Iraq body count soars in October
Mission accomplished, over and over. (AP):
Four soldiers from the Army’s Task Force Baghdad soldiers died Monday when their patrol struck a roadside bomb in Youssifiyah, 12 miles south of Baghdad in an area known as the “triangle of death.”
Two other soldiers from the 29th Brigade Combat Team were also killed in a bombing Monday near Balad, 50 miles north of Baghdad. The U.S. military also said a Marine was killed Sunday near Amiriyah, 25 miles west of Baghdad.
Those deaths raised the death toll for October to more than 90, the highest monthly total since January when 107 American service members died. The latest deaths brought to 2,025 the number of U.S. service members who have died since the Iraq war began in March 2003.
Must see cable TV: ‘Off to War’
If you have cable and the Times/Discovery Channel, you need to tune in to the fine documentary series Off to War. It’s ten parts (with the last episode premiering in late November), chronicling the deployment of the 39th Brigade of the Arkansas National Guard to Iraq.

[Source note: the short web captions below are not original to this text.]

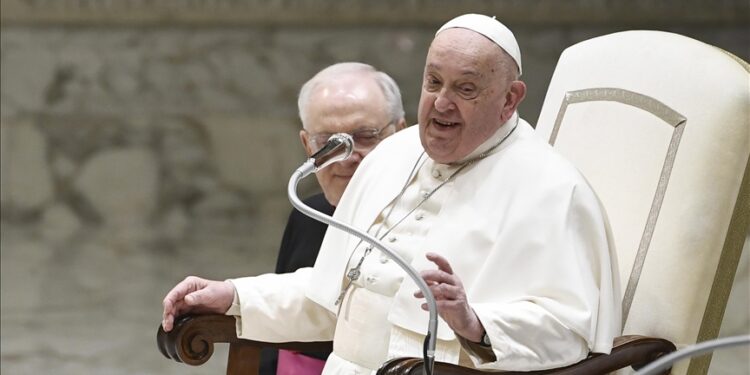 Pope Francis not out of woods, but condition not life-threatening, doctors say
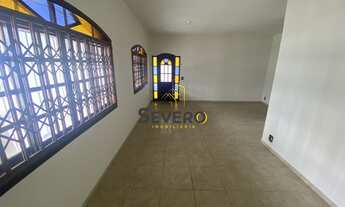 Imagem 5: Casa de 3 Quartos com Churrasqueira e Piscina na Trindade - São Gonçalo!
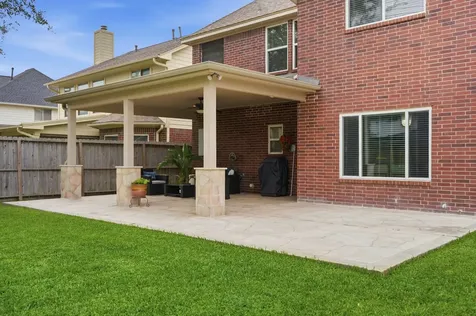 7114 Trimstone Drive Pasadena TX 77505
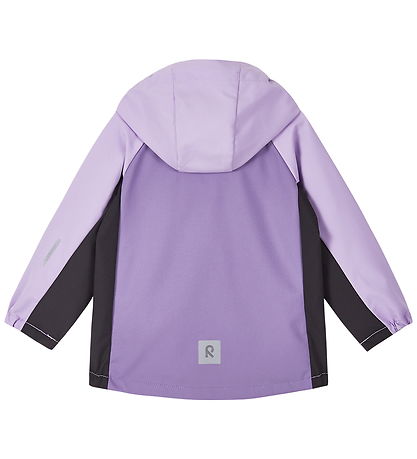 Reima Skaljakke - Temppu - Misty Violet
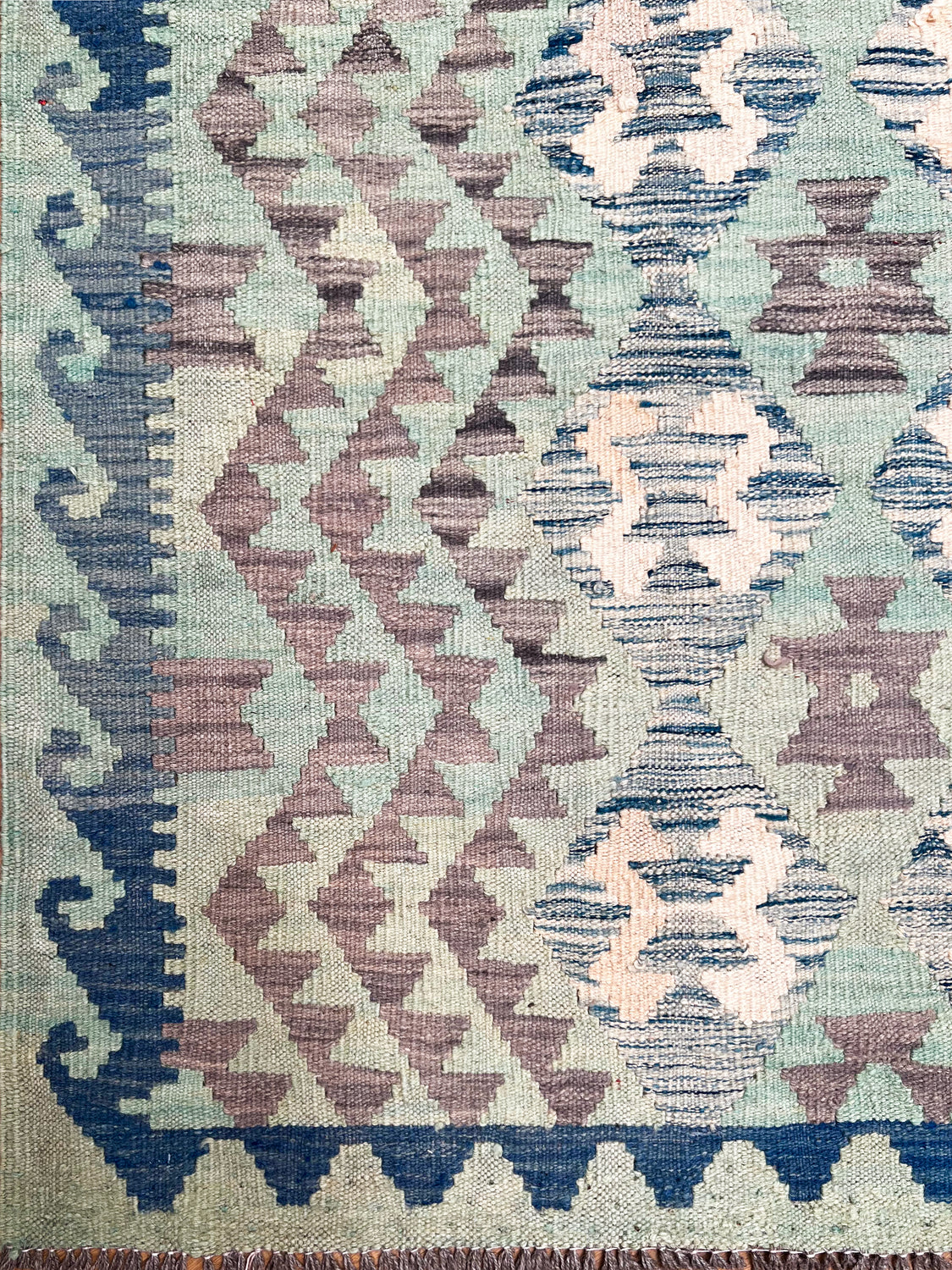Sehrish Classic Kilim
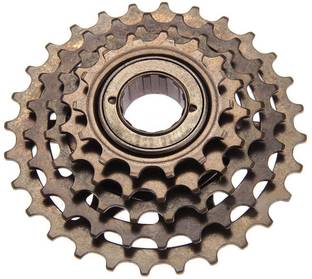 Schrodinger SCHRO50003 5 Speed Bike Cassette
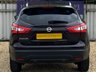 USED 2015 15 NISSAN QASHQAI 1.6 DCI N-TEC PLUS 5d 128 BHP 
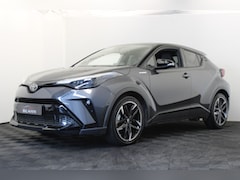 Toyota C-HR - 2.0 Hybrid GR-Sport |Navi|Camera|Stoelverwarming|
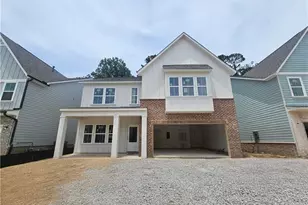 6195 Kismet Rd, Buford, GA 30518 - Photo 1
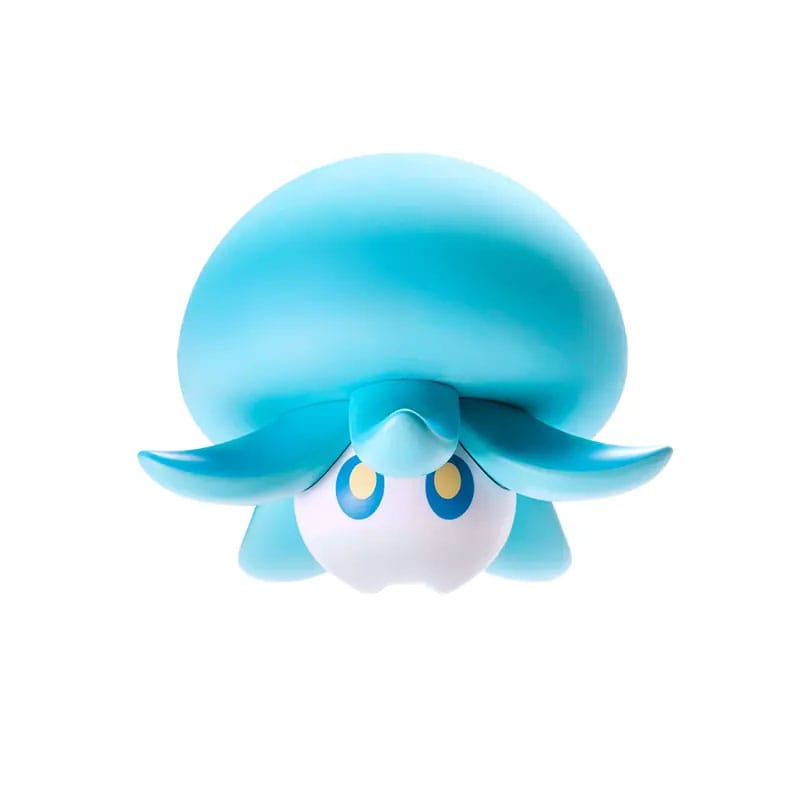Genshin Impact Leuchte Floating Hydro Fungus 17 cm - Smalltinytoystore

On July 26, 2003, the lives of many families in rural Arkansas began to swing in an unexpected and even frightening direction. That’s when members of the 39th Brigade of the Arkansas National Guard were officially told that they would be heading to Iraq and wouldn’t be coming home until the spring of 2005.
The series is executive produced by the immensely talented Jon Alpert, whose work I enjoyed on the Today Show many years ago. He received critical acclaim for several documentaries produced for HBO, including Lockup: The Prisoners of Rikers Island.
The filmmakers on the ground, Craig and Brent Renaud, brothers born and raised in Little Rock, Arkansas, do an amazing job of reporting in the classic mode of documentary filmmaking — they allow the voices, personalities and events the subjects experience to shape the politics of the film. We’re not talking F9/11 here, but the effect is just as devastating an indictment of the Iraq war.